Keywords: insolvência; exoneração; pessoas singulares; sobreendividamento
Desde 2004 que o Código da Insolvência e Recuperação de Empresas apresenta dois modelos insolvenciais para o tratamento da insolvência de pessoas singulares: por um lado, o modelo reeducativo, encarnado no plano de pagamentos; por outro o fresh start, consagrado com a exoneração do passivo restante. Esta última solução tem sido a opção da esmagadora maioria das pessoas singulares insolventes que, desde 2011, superam o número de processos de pessoas coletivas.

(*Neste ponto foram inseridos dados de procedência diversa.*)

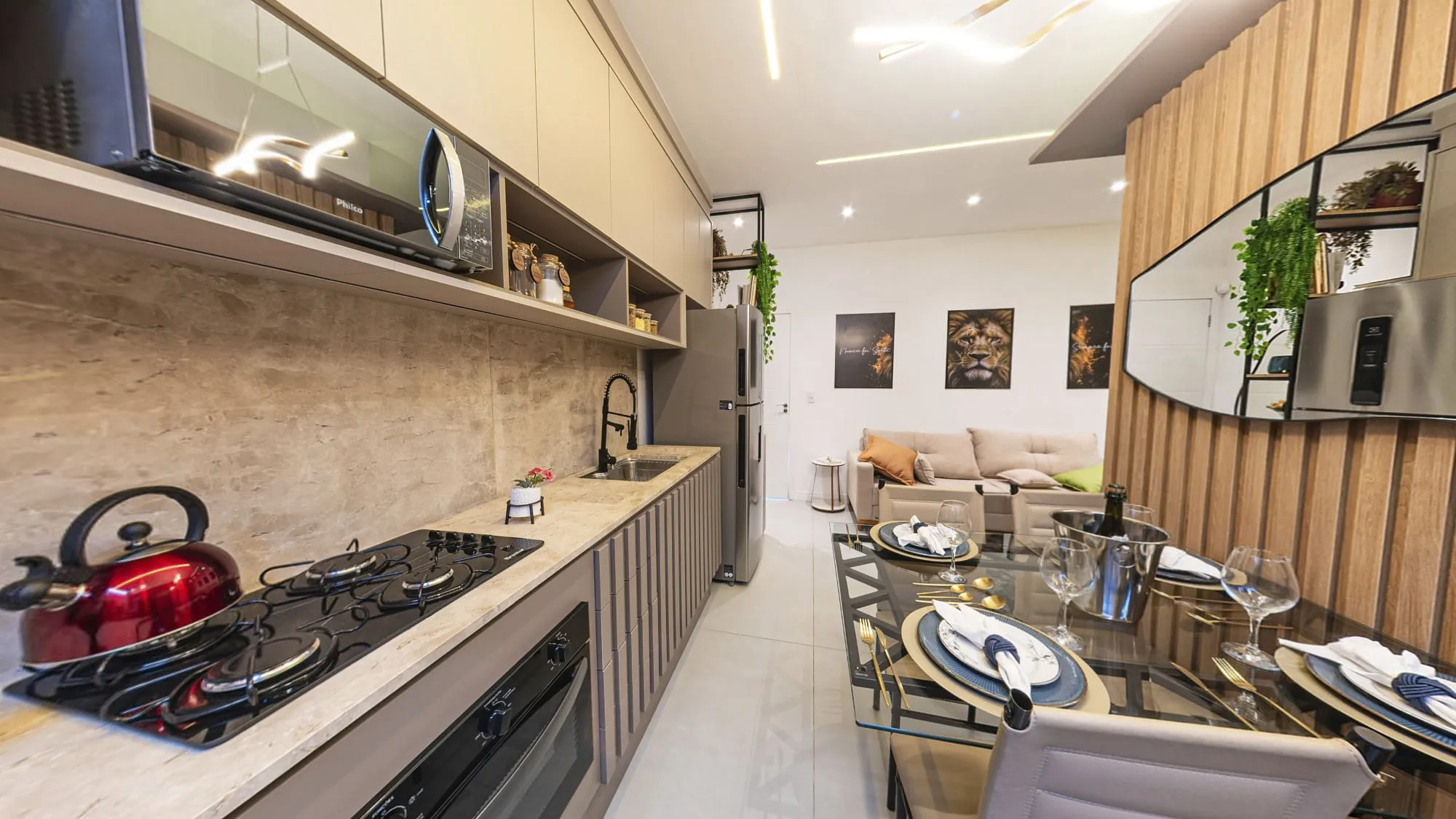 Cozinha linear com armários claros, cooktop, bancada de pedra e frente ripada, ao lado da mesa de jantar posta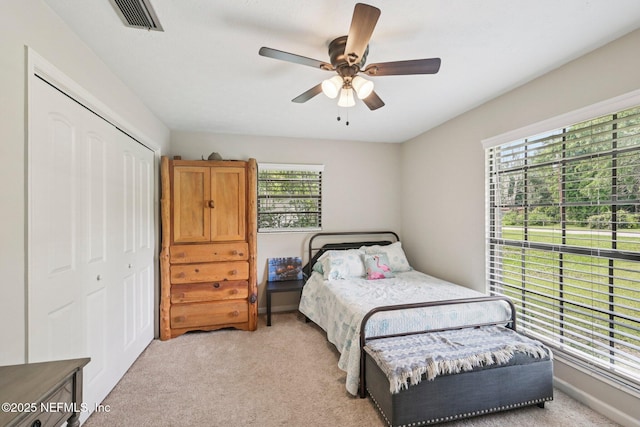 884 Live Oak Ln, Fleming Island, FL 32003 - bedroom with light colored carpet, a closet, and ceiling fan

Todavia, o sistema português tem sido criticado, não só pelo Memorando da Troika assinado entre o Estado Português, o BCE, a Comissão Europeia e o FMI, como pela própria doutrina e jurisprudência, pondo em evidência a necessidade de alteração do regime relativo às pessoas singulares. Aliás, tal exigência constava do referido Memorando, sem que o Governo português tenha adotado quaisquer medidas. Por outro lado, a recomendação da UE de março de 2014, relativa à recuperação e à insolvência, refere também a necessidade de redução do limite temporal de insolvências de pessoas singulares, nomeadamente no que concerne aos períodos de cessão dos rendimentos aos credores.

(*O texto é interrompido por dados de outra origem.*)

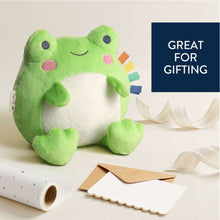 Green frog snuggle plush with white tummy, smiling face, and multicolor sensory ribbons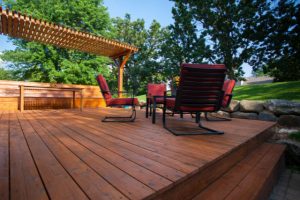 Deck Stain Project completed of a backyard deck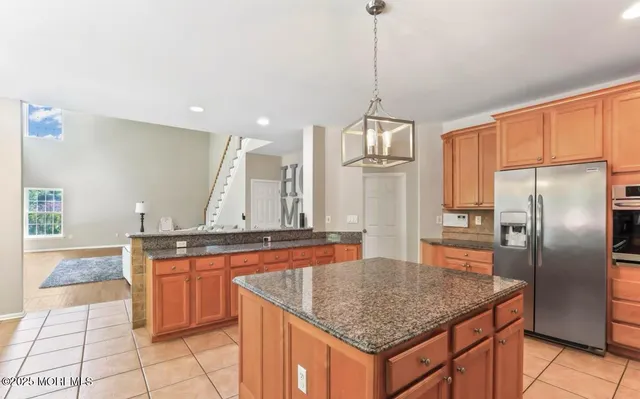 a view of a dining room with furniture a chandelier and wooden floor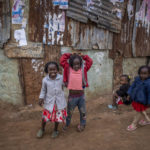
              Young children play on a street in the Kibera area of Nairobi, Kenya Thursday, Aug. 11, 2022. Kenyans are waiting for the results of a close presidential election in which the turnout was lower than usual. (AP Photo/Ben Curtis)
            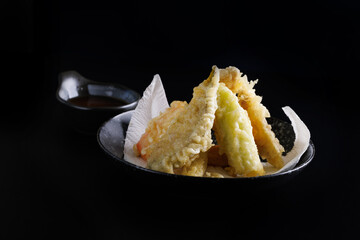 Mix tempura with shrimp fish and vegetable Japanese food isolated in black background - 650141601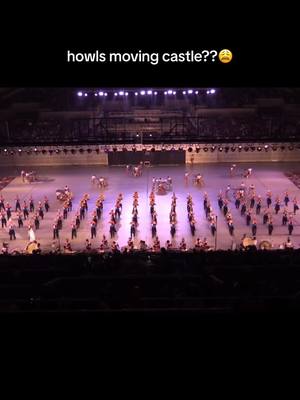 A post by @marching.things on TikTok caption: these japanese marching bands are different man #japan #howlsmovingcastle #band #dci #marchingband #anime #drumcorps #marchingthings #studioghibli #merrygoroundoflife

Nesta sede, verificamos que o regime português da insolvência, que conta já com mais de uma década de vigência, continua a apresentar fragilidades a nível da aplicação das normas, especialmente em dois pontos particulares – por um lado, a interpretação dos requisitos de acesso, que foi inicialmente feita de forma muito rígida pelos tribunais de 1.ª instância, impedindo o acesso à exoneração e, por outro, a concessão dos rendimentos necessários durante o período de cessão aos credores que, normalmente, desvaloriza as verdadeiras necessidades dos insolventes, dando um caráter punitivo, que o legislador não pretendeu atribuir, à insolvência. Este texto visa, pois, analisar brevemente a evolução jurisprudencial dos tribunais superiores na última década.